Captioned web image data:

▼

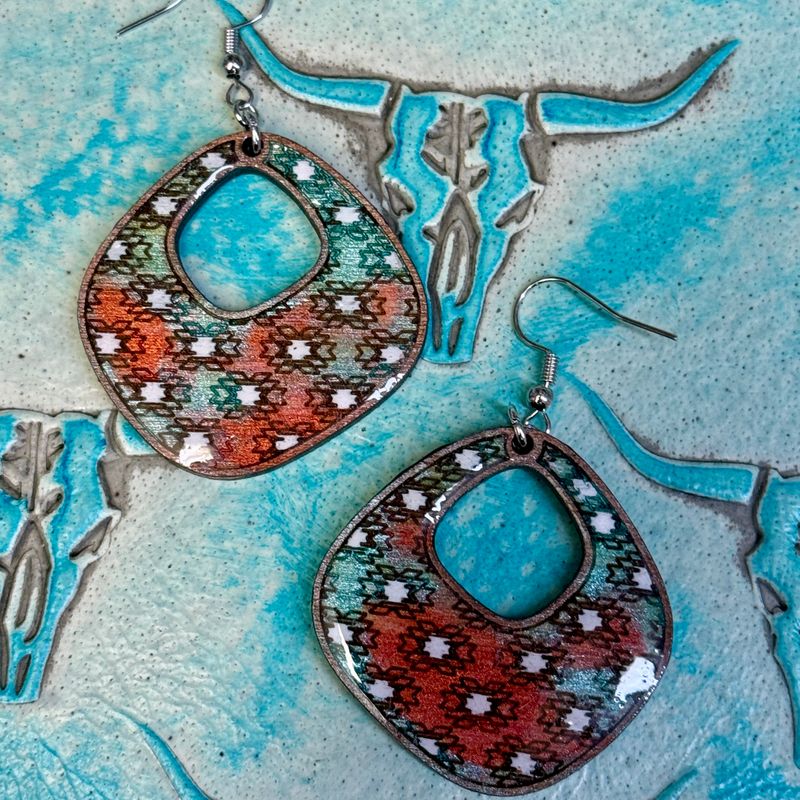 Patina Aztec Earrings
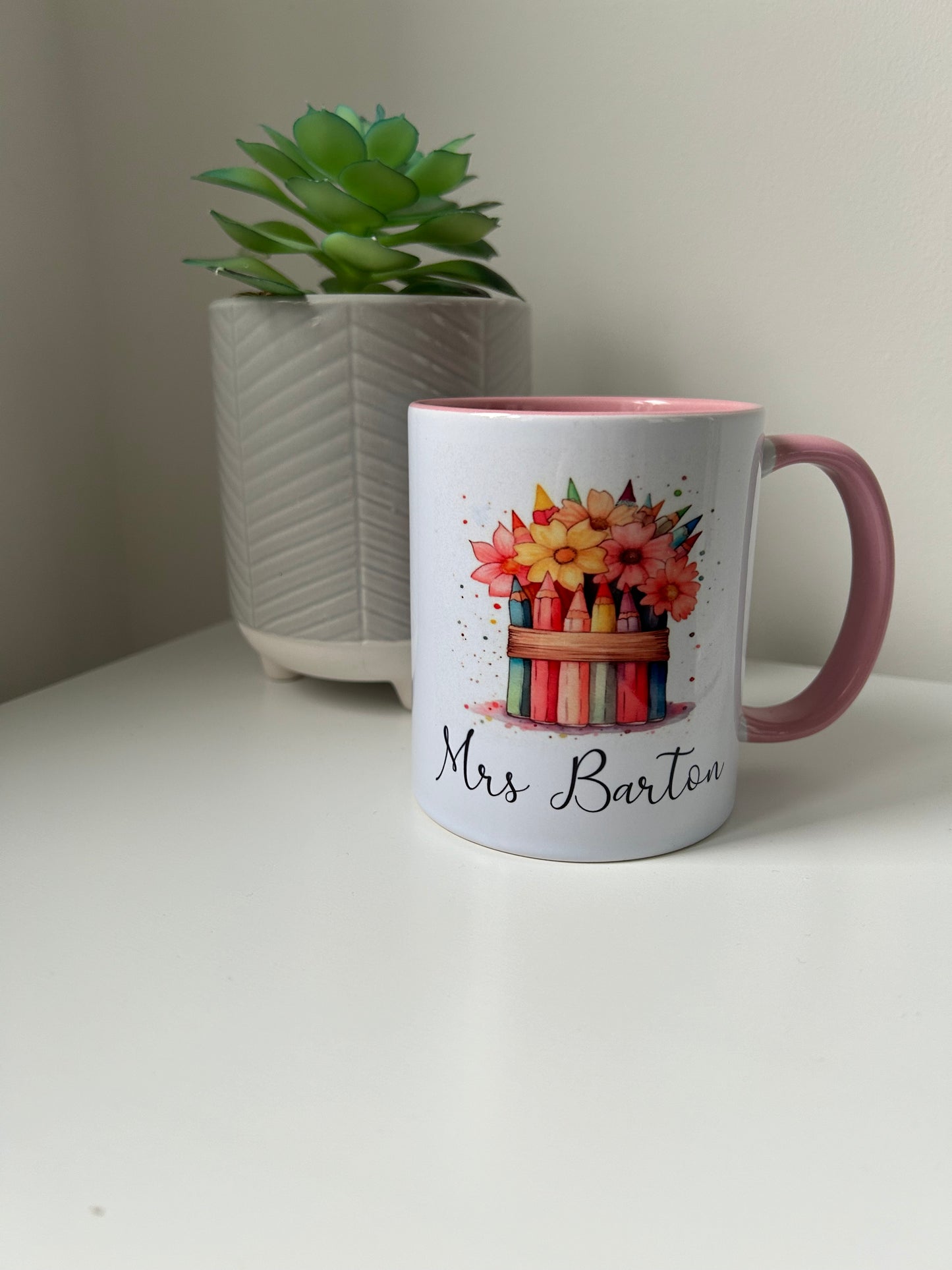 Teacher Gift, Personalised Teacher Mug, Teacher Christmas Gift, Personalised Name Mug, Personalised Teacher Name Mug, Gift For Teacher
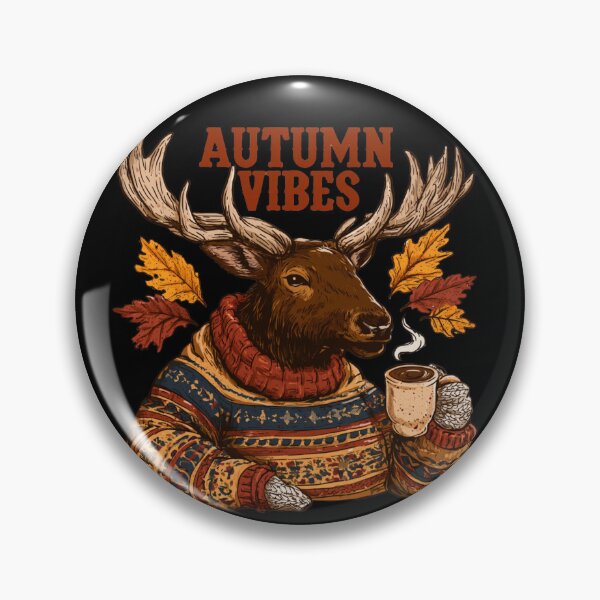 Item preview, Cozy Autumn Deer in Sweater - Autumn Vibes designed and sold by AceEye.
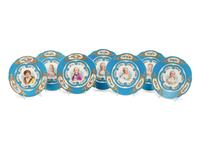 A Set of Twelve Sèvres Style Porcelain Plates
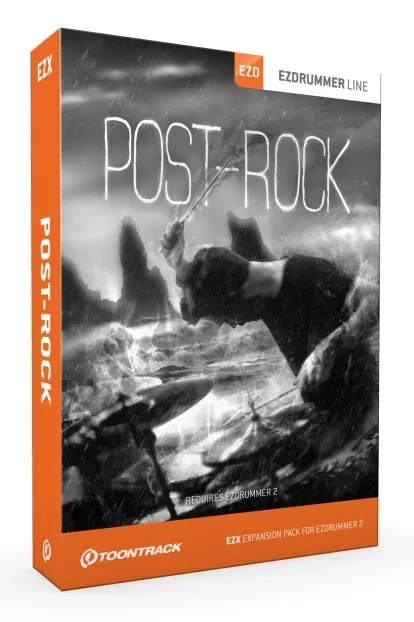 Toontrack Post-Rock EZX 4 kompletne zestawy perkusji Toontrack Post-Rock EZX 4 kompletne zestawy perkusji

▲

Exercise goal: Could you transcribe every entry above exactly, leaving out the images?

Result below:
 Patina Aztec Earrings
 Teacher Gift, Personalised Teacher Mug, Teacher Christmas Gift, Personalised Name Mug, Personalised Teacher Name Mug, Gift For Teacher
 Item preview, Cozy Autumn Deer in Sweater - Autumn Vibes designed and sold by AceEye.
 A Set of Twelve Sèvres Style Porcelain Plates
 Toontrack Post-Rock EZX 4 kompletne zestawy perkusji Toontrack Post-Rock EZX 4 kompletne zestawy perkusji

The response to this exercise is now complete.